Обнял меня и прижал к себе крепко. Мы поцеловались, но Этьен все равно не захотел посетить мою комнату. Повернулся и пошел к себе, только иногда вскидывая руку, рассуждая с самим собою о чем-то.
Церемония нашего избрания академиками состоялась 3 марта 1769 года. Было очень торжественно. Дамы в нарядных платьях, очень многие в париках, и мужчины в париках, разноцветных ярких камзолах. Фальконе без парика (он его терпеть не мог), волосы даже не напудрены. Темно-синий жюскор[4], бледно-синий жилет с бесчисленными пуговицами, кружева на сорочке и белый галстук, больше похожий на шейный платок. У меня — не слишком открытое атласное платье цвета бордо с пышными рукавами и высокая прическа «пуф о сантиман», очень модная в то время, с украшением из перышек и ниток жемчуга. Мы вошли в залу, где стояли античные статуи (разумеется, гипсовые слепки) и висело много картин на библейские темы. Нас пригласили сесть в кресла для гостей, справа от возвышения под балдахином, где располагалось не кресло, а блистал трон, очевидно, для монарших особ. Вице-президент Чекалевский суетился, наводил последний марафет. Ждали Бецкого.
Наконец, он вошел — сухопарый, подтянутый, в сером парике, весь напудренный и надушенный, чуть прихрамывая на левую ногу. Все поднялись, приветствуя его. Президент Академии быстро взошел на возвышение и уселся на трон. Милостиво кивнул. Все уселись тоже.
Чекалевский произнес небольшую речь о Фальконе и обо мне — о его и моих заслугах, характеризуя наши скулыпур-ные работы как великолепные произведения изобразительного искусства. Подчеркнул, что прибыли мы в Россию по желанию ее императорского величества и что государыня нам оказывает всяческое содействие. Посему предложил нас избрать академиками императорской Академии художеств. Публика снисходительно похлопала.
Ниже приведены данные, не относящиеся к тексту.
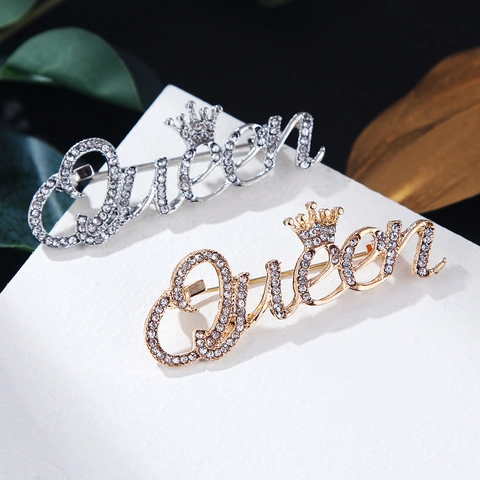 Queen Buchstaben Strass Brosche Legierung Krone Nadel Mode Schmuck Accessoire Für Damen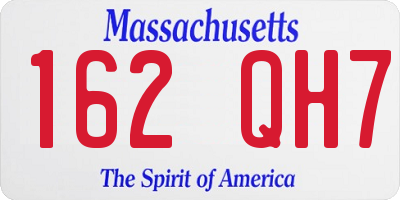 MA license plate 162QH7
Членам Академии, что сидели отдельно, было роздано по два шара — белый и черный. По кивку Бецкого, каждый из них по очереди заходил за ширму, где стояли три ларца с круглыми прорезями: белый для белых шаров, черный для черных и внизу большой — для оставшихся. Заняло голосование минут двадцать. Первым вотировался Фальконе как мэтр и учитель. И когда все шары были вброшены, два служителя вынесли ларцы из-за ширмы. Чекалевский их открыл. Черный шар имелся только один. Гости зааплодировали бурно, а Этьен поднялся и раскланялся.
Началось голосование по моей персоне. Я сидела ни жива ни мертва, сердце колотилось отчаянно — и, казалось бы, отчего? — ну, не выберут меня в академики, что изменится в моей жизни? — тем не менее волновалась бешено. Снова вынесли из-за ширмы два ларца. Черных шаров не оказалось вовсе. Я не верила своему счастью. А собравшиеся хлопали и улыбались.
Генералу Бецкому подали бумаги — протоколы голосования — и перо с чернильницей. Он их подписал и, поднявшись, провозгласил нас с Этьеном избранными академиками.